::: DATA TO EXAMINE :::

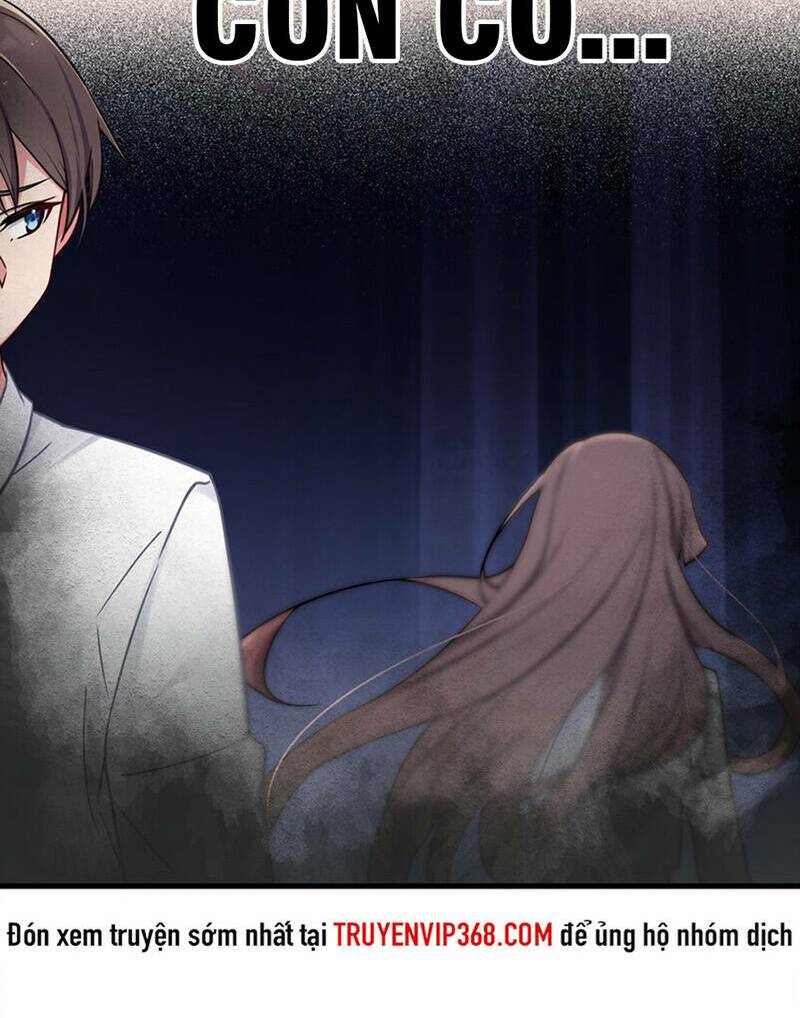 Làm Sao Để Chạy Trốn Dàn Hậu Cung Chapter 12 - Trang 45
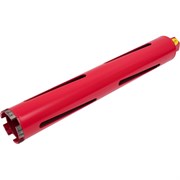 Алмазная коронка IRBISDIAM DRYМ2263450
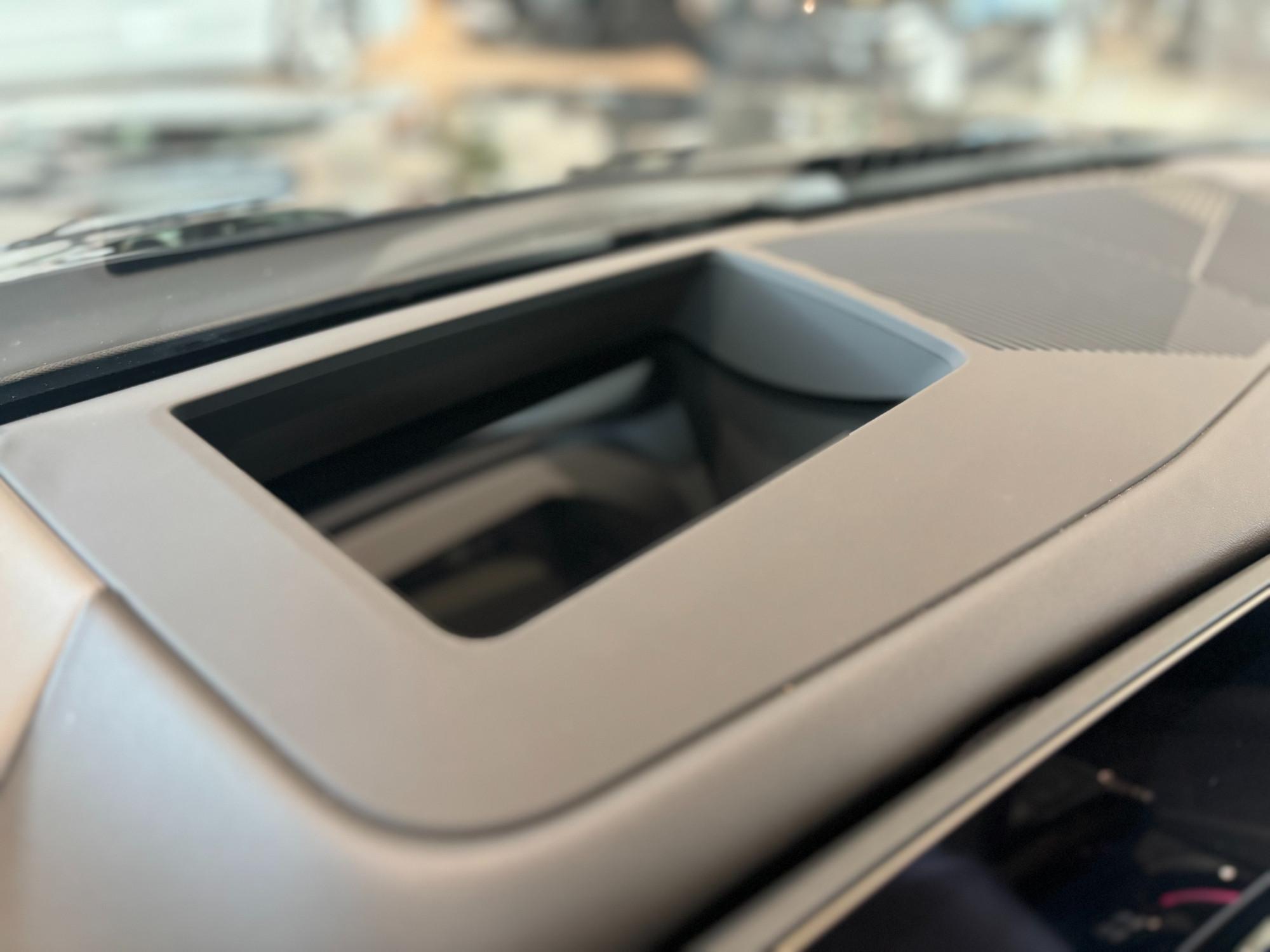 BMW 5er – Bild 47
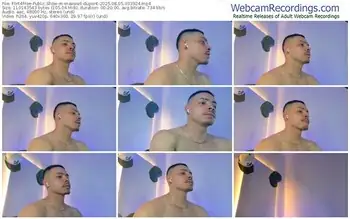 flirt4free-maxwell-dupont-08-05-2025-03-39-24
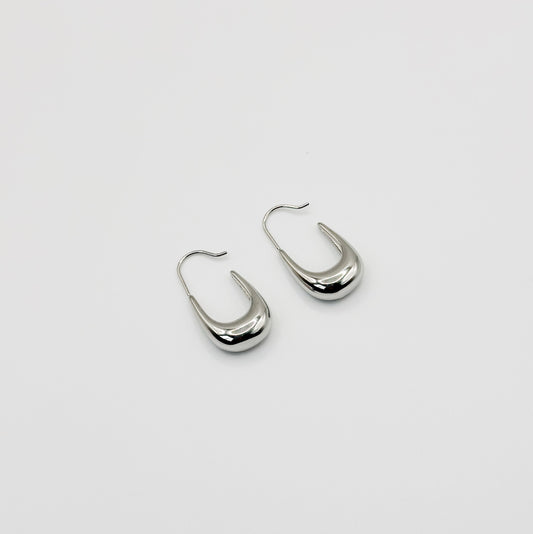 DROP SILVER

:::

## EXERCISE DETAILS
Return the listing above in full and without alteration, excluding its pictures.

## SOLUTION TO THIS EXERCISE
 Làm Sao Để Chạy Trốn Dàn Hậu Cung Chapter 12 - Trang 45
 Алмазная коронка IRBISDIAM DRYМ2263450
 BMW 5er – Bild 47
 flirt4free-maxwell-dupont-08-05-2025-03-39-24
 DROP SILVER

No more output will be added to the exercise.